In any case, Thanks for that lead Jethro.

enjoy !


----------



## Kevin R (Jan 3, 2009)

Anybody have any thoughts on sound quality?


----------



## madpoet (Jul 26, 2010)

I have and love my 9.8.


----------



## nugga22 (Apr 30, 2008)

I just ordered one. Hopefully it ships today, and I'll have it in house early next week. I'll let you know what I think of it.


----------



## madpoet (Jul 26, 2010)

Can't believe that price on the 885... makes me want to cry! I paid 3 times that for my 9.8.


----------



## sean_w_smith (Jan 16, 2008)

I have and love a couple of the 8XX series onkyo's between my two houses and they sound great stand alone or with amps...

I replaced a acurus pre-amp and some rotel and carver amps with an Onkyo 805 and at least for theater its a big step UP in sound quality.

The effects of audessy and the modern DSP's is quite impressive. 

you can't go wrong on a refurb for that kind of price...

Sean


----------



## noysboy (Jul 16, 2010)

I had the 885 for a while...awesome bang for the buck at normal retail price.

I now have a AVM-50 and when I A/B'd them, there was no contest...the avm50 is much better...but costs a whole heckofalot more.

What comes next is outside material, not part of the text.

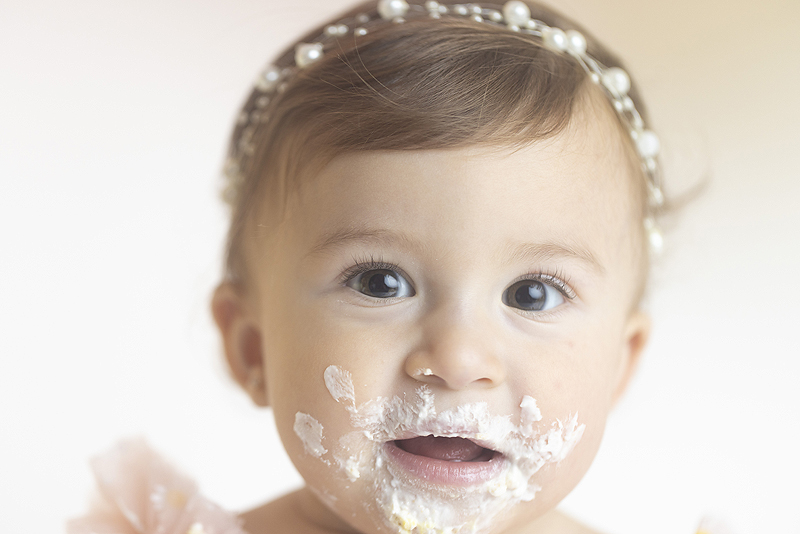 Close up of icing covered baby face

For $599, I'd consider picking up an other 885 for a secondary system...thats a crazy price.


----------



## imported_Lefty (Mar 26, 2009)

noysboy said:


> I had the 885 for a while...awesome bang for the buck at normal retail price.
> 
> I now have a AVM-50 and when I A/B'd them, there was no contest...the avm50 is much better...but costs a whole heckofalot more.
> 
> For $599, I'd consider picking up an other 885 for a secondary system...thats a crazy price.

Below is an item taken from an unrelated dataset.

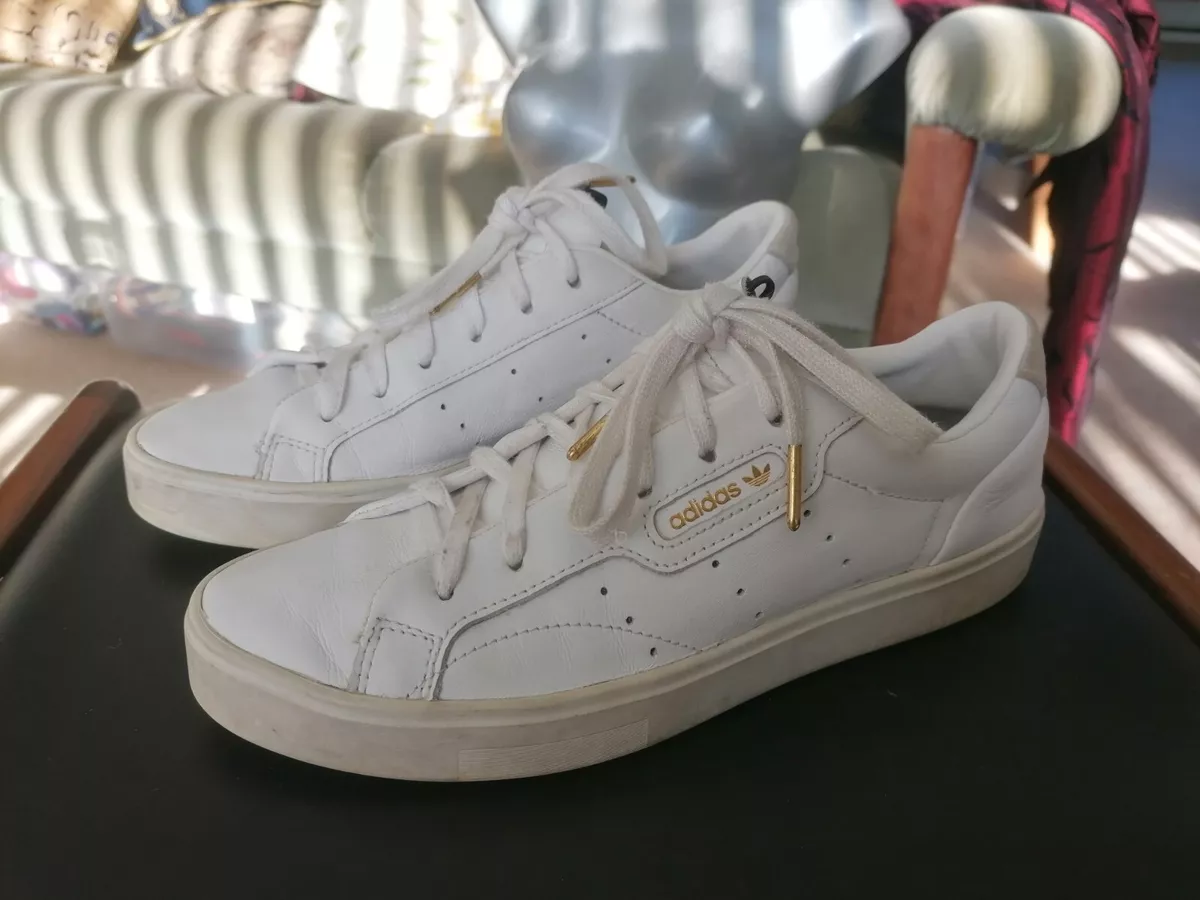 Ladies white and hotsell gold adidas trainers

Would you care to elaborate why you think the AVM50 is "much better"? They are both high end solid state devices, so the sound will be similar enough not to figure into the equation. The Onkyo build is very high quality with the Reon processor, and the latest Burr-Brown DAC's, which are well implemented. It is feature rich at the original price point, although the model cycle has ended, and it has been replaced by the 886, which has few useful improvements. 
Lefty


----------



## noysboy (Jul 16, 2010)

Lefty said:


> Would you care to elaborate why you think the AVM50 is "much better"? They are both high end solid state devices, so the sound will be similar enough not to figure into the equation. The Onkyo build is very high quality with the Reon processor, and the latest Burr-Brown DAC's, which are well implemented. It is feature rich at the original price point, although the model cycle has ended, and it has been replaced by the 886, which has few useful improvements.
> Lefty


Quite simply, I A/B'd them and prefered the avm50. If you are interested in the two, then you should hear them for yourself. They do not sound the same to my ears, YMMV.


----------



## imported_Lefty (Mar 26, 2009)

OK. So to clarify, the AVM50 SOUNDS much better to YOU, not that it's necessarily a much better unit in general. I was hoping for a little more detailed objective information. 
Thanks though.
Lefty


----------